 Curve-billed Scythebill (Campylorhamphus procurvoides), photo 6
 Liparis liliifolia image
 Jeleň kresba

* * *

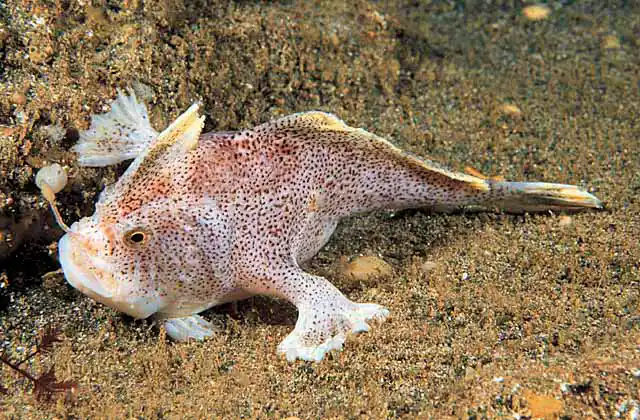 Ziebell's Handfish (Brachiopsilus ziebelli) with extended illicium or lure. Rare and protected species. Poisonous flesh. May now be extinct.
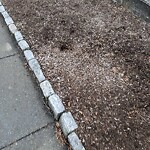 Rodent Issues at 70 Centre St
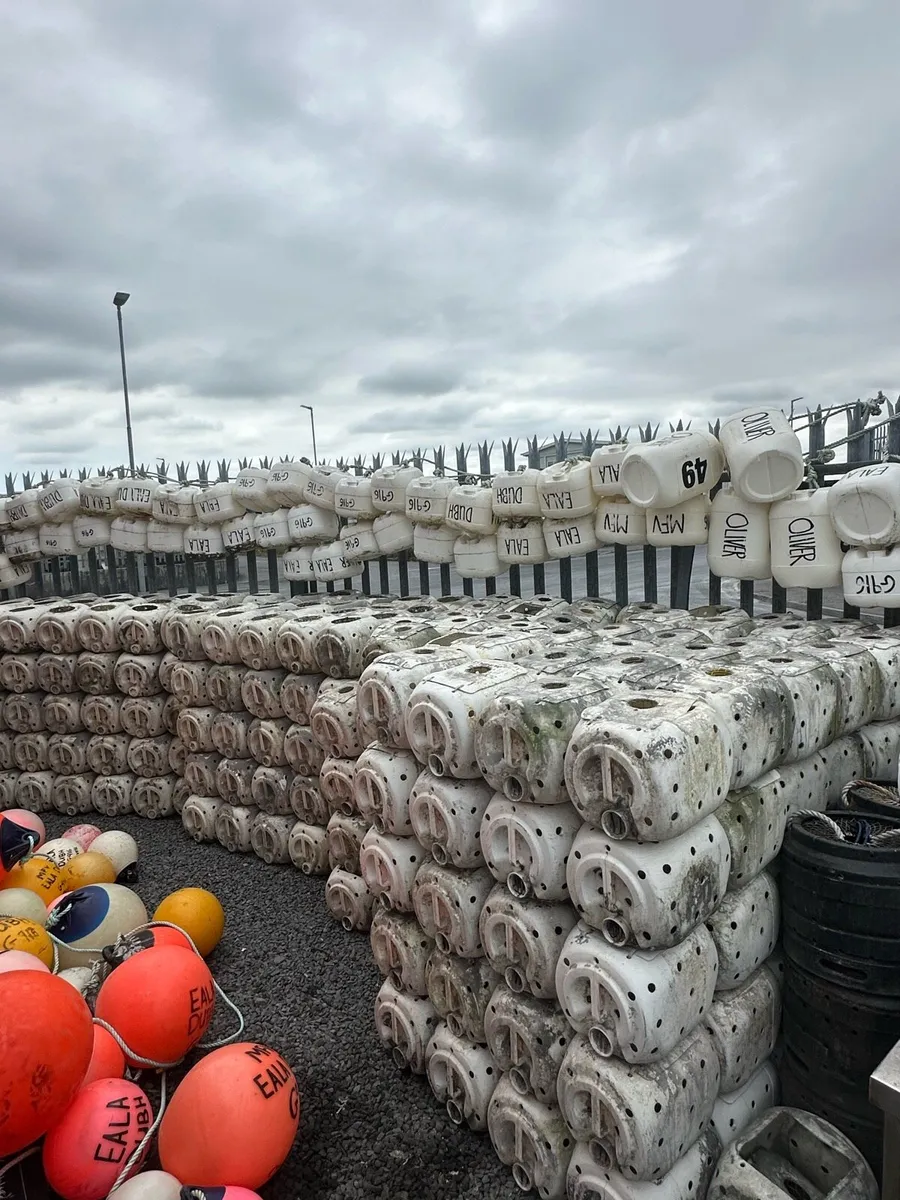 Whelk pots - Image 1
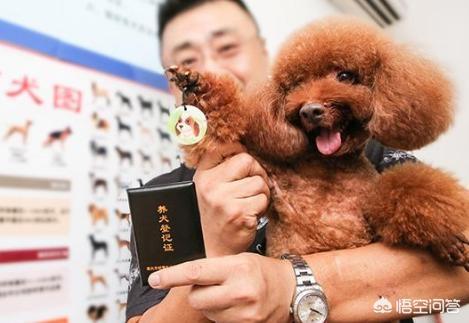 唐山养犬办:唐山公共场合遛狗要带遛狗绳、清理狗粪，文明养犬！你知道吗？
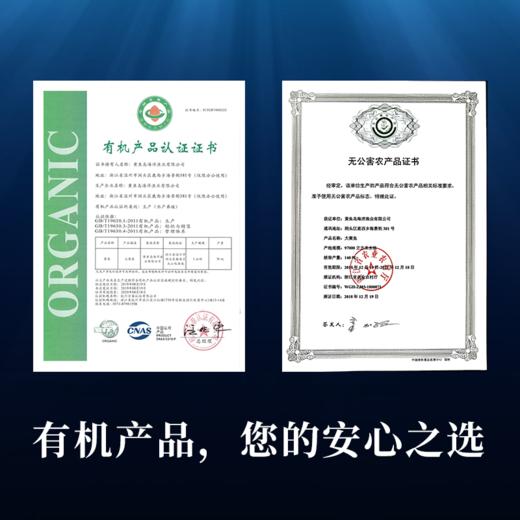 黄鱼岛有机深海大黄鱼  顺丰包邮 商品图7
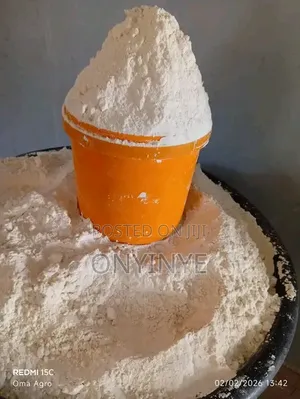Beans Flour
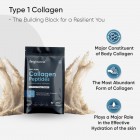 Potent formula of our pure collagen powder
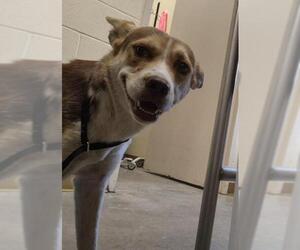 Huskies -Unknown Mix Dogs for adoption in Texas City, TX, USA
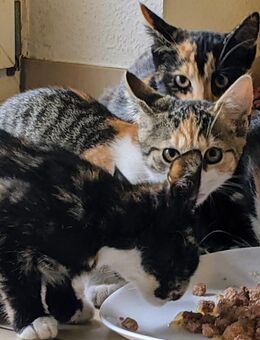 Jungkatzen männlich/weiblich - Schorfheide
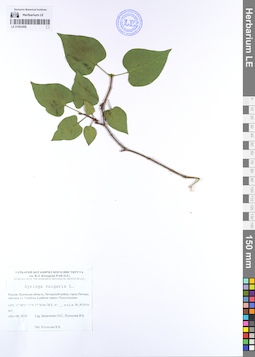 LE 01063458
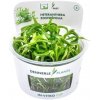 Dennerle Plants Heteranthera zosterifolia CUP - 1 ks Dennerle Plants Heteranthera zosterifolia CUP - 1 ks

*Task prompt*:
When you reach the line containing "Huskies -Unknown Mix" in the entries above, begin restating word for word, and stop once the line containing "Dennerle Plants Heteranthera zosterifolia CUP - 1 ks Dennerle" has been given. Omit the pictures.

*The answer*:
 Huskies -Unknown Mix Dogs for adoption in Texas City, TX, USA
 Jungkatzen männlich/weiblich - Schorfheide
 LE 01063458
 Dennerle Plants Heteranthera zosterifolia CUP - 1 ks Dennerle Plants Heteranthera zosterifolia CUP - 1 ks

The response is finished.